Poland Ambassador to Greece
- In office 21 January 2016 – 15 August 2019
- Appointed by: Andrzej Duda
- President: Prokopis Pavlopoulos
- Preceded by: Maciej Krych
- Succeeded by: Artur Lompart

Personal details
- Spouse: Wojciech Flera
- Education: Warsaw School of Economics
- Profession: Diplomat

= Anna Barbarzak =

Polish diplomat

Anna Barbarzak is a Polish civil servant and diplomat who served as an ambassador to Greece from 2016 to 2019.

== Education ==
Barbarzak studied international economic relations at the SGH Warsaw School of Economics. She was studying also international security at the Geneva Centre for Security Policy.

==Career==
In 2001, she began her career at the Ministry of Foreign Affairs. Between 2006 and 2007 she was working as a Third Secretary at the Permanent Mission of the Republic of Poland to the United Nations Office in Geneva. From 2007 to 2011 she was Second and First Secretary at the Embassy in Washington, being responsible for economic, climate and energy issues. Afterwards, she was heading the unit at the Minister's secretary. In 2013, she became deputy director, and later director of the Department of Economic Cooperation, being in charge of, among other, coordinating cooperation with OECD, IMF, UNCTAD, EBRD, EIB.

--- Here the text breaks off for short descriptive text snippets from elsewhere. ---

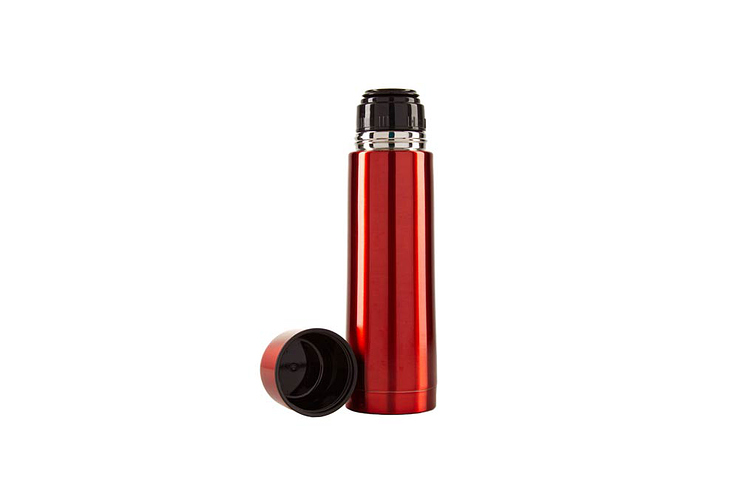 Produktfotografie rote Thermosflasche für Onlineshops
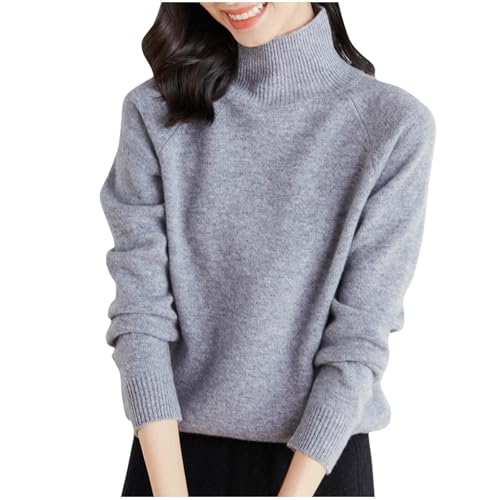 2024 Winter Thermo Strickpullover Für Damen Frauen Warme Pulli Einfarbig Lockere Passform Rollkragenpullover Langarm Langarmshirt Oberteile 90Er Jahre Outfit von Generic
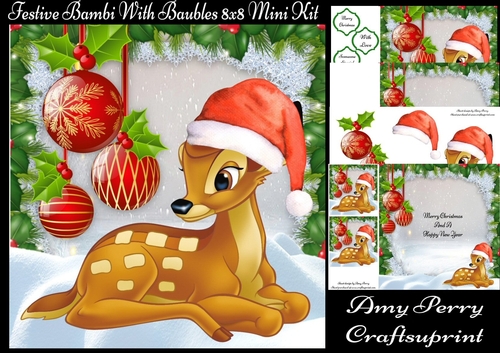 Beautiful Festive Bambi 8x8 Mini Kit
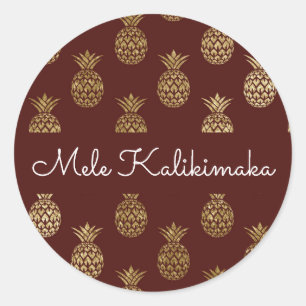 Adesivo Feriado do Natal do abacaxi de Mele Kalikimaka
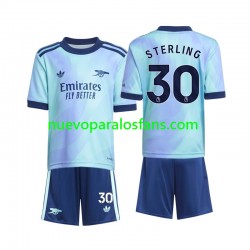 Camiseta de Fútbol Arsenal Sterling 30 Niño Tercera 2024-2025 Manga Corta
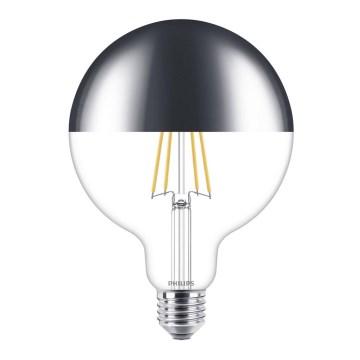 Dimmbare LED-Glühbirne mit spiegelnder, sphärischer Abdeckung DECO Philips G125 E27/7,2W/230V 2700K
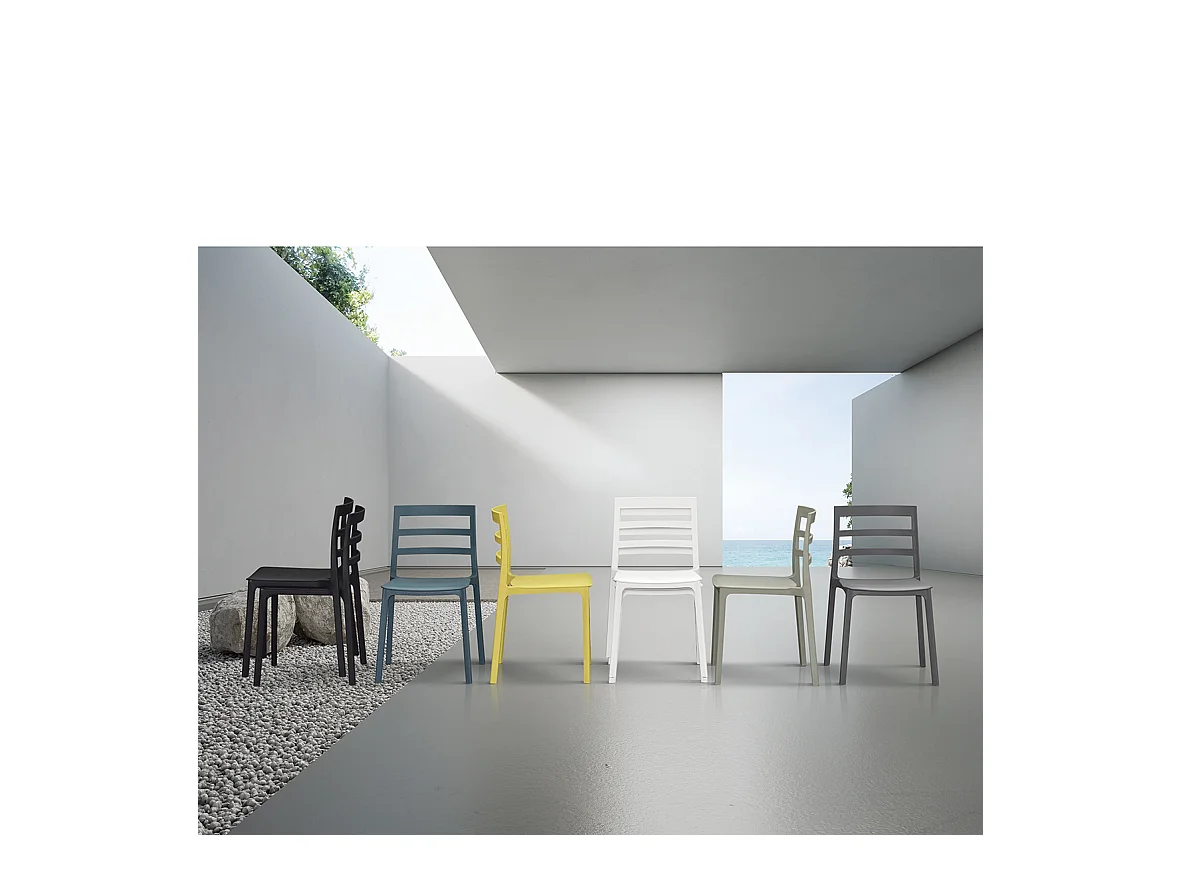 Sedia Luca set da 4 sedie grigio in polipropilene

In October 2015, Barbarzak was nominated as Poland's ambassador to Greece. She presented her letter of credence on 21 January 2016. During her time as ambassador she increased cooperation between the Polish and Greek shipbuilding industries. She also attempted to expand the tourism cooperation between the two countries by pushing new promotional initiatives. She ended her term in 2019.

From 2023 to 2024, Barbarzak was Minister-Counsellor for the World Intellectual Property Organization at the Polish mission to the UN. Since 2024 she has been Minister Plenipotentiary for the World Intellectual Property Organization, CERN, and the International Telecommunication Union.

==Personal life==
Besides Polish, Barbarzak speaks English and Russian languages. She is married to Wojciech Flera.